Repeat the lines below exactly as written, please, from the line with "[PLYYQZM] �ɍ��� Fit" to the line with "20 in 2008.", both lines included, and no others.

──────── Data records ────────

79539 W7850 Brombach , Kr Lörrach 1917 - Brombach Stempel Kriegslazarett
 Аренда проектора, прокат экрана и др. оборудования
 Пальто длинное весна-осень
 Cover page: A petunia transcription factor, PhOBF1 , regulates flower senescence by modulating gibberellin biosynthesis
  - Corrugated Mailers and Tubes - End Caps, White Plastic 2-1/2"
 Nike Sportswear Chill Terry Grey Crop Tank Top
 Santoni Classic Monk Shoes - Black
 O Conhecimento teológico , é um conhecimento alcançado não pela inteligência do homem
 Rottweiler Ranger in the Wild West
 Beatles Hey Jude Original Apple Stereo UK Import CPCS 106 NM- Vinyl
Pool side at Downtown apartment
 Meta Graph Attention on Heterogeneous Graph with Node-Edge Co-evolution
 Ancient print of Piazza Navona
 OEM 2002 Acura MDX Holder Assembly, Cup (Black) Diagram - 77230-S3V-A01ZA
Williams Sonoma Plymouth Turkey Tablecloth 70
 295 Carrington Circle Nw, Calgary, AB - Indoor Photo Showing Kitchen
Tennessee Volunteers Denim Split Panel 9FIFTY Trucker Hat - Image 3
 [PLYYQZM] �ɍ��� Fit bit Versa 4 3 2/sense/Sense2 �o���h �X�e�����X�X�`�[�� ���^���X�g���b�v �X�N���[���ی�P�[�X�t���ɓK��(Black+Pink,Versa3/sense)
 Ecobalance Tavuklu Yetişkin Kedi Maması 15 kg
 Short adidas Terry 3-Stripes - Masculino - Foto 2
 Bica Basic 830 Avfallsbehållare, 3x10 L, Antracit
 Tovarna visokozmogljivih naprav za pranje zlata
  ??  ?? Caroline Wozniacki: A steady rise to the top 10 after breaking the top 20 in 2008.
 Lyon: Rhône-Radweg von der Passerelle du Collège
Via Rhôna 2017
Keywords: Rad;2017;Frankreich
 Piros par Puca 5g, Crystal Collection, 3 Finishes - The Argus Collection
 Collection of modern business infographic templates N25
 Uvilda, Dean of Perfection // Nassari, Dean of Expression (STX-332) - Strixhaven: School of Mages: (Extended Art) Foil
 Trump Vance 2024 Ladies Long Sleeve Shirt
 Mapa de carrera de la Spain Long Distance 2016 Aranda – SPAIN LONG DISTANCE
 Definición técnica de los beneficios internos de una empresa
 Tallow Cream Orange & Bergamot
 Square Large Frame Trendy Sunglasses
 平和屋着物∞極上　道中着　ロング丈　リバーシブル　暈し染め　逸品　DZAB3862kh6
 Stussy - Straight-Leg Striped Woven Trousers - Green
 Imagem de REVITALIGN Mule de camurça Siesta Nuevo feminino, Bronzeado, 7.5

────────

Task solution ::
 [PLYYQZM] �ɍ��� Fit bit Versa 4 3 2/sense/Sense2 �o���h �X�e�����X�X�`�[�� ���^���X�g���b�v �X�N���[���ی�P�[�X�t���ɓK��(Black+Pink,Versa3/sense)
 Ecobalance Tavuklu Yetişkin Kedi Maması 15 kg
 Short adidas Terry 3-Stripes - Masculino - Foto 2
 Bica Basic 830 Avfallsbehållare, 3x10 L, Antracit
 Tovarna visokozmogljivih naprav za pranje zlata
  ??  ?? Caroline Wozniacki: A steady rise to the top 10 after breaking the top 20 in 2008.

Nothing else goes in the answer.